Je crois partager quelques-uns des éléments que tu évoques, mais ils s'agencent à mon sens bien différemment.
Je pense que pour ma part, les souvenirs de ce qui se passait de manière quotidienne (et des paysages associés) n'ont plus guère de saveur (voire n'en ont jamais eue). En revanche, ce qui se passait le dimanche, pendant les vacances et ailleurs résonne toujours en moi. Ainsi la ville de RdG ne m'intéresse que bien modestement, mais pour la campagne de mes grands-parents, je me partage entre la curiosité de retrouver des sentiers familiers et la peur d'y retrouver des choses plus banales, plus petites que celles de mes souvenirs ou qui ont carrément disparu, et avec ça, franchement, j'ai du mal. Sinon, il y a la campagne éduenne, mais là c'est autre chose, je suis toujours dedans.

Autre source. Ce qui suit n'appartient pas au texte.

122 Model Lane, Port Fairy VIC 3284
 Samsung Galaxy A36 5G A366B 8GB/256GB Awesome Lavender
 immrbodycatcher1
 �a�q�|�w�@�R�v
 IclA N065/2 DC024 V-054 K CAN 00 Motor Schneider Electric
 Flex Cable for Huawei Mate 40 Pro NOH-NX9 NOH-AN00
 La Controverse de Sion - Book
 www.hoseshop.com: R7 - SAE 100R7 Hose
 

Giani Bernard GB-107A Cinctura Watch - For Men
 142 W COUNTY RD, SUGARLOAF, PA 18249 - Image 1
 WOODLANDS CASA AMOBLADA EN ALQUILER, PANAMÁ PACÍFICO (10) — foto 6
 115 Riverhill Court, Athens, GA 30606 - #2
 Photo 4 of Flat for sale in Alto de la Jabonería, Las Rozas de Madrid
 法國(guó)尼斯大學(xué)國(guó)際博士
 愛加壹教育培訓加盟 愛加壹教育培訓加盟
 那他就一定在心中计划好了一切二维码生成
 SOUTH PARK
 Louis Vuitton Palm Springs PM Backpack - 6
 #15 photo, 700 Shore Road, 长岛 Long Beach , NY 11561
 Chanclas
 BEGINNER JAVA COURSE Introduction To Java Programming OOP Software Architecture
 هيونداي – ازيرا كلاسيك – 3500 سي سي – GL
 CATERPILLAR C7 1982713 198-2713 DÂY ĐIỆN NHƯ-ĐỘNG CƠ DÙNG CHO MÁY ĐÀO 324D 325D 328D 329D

En plus le mot tout bête "le crêt" me plaît énormément car il résonne aussi car ma grand-mère maternelle parlait souvent d'un ou l'autre crêt (car il y en avait plusieurs, chacun avec leur petit nom). Ici, il n'y en a pas beaucoup...
Et puis les congères de neige...
Vraiment ton article est très riche. Merci.
Moi qui suis un incurable nostalgique, je suis très sensible à la façon dont tu décris le paysage qui s'est figé dans tes souvenirs. Ce sont ces émotions, ces ressentis physiques que l'on ne retrouve pas en revenant sur les lieux d'enfance. La cour de jeu qui paraissait si grande pour un petit garçon semble petite, la rue, le champ, deviennent incomparables. Un beau billet, bravo !
Jérôme : tu es bien le premier à me dire que je ne suis pas nostalgique. Si la nostalgie, c'est souhaiter revenir en arrière, je ne suis pas nostalgique. Tu as aussi raison sur l'avenir : j'ai peu à peu appris à vivre dans le présent. Mais ça m'a demandé du temps !
Cornus : oui, et ce crêt avait un nom, que je ne mentionne pas par discrétion. Et je rêve de revoir un jour des congères !
Jean-Pierre : pour moi, ce sont des images bien sûr, mais aussi des bruits, des odeurs, des lumières. J'avais été fâché quand un prof de fac m'avait dit que j'étais impressionniste. Aujourd'hui, je pense qu'il n'avait pas tort.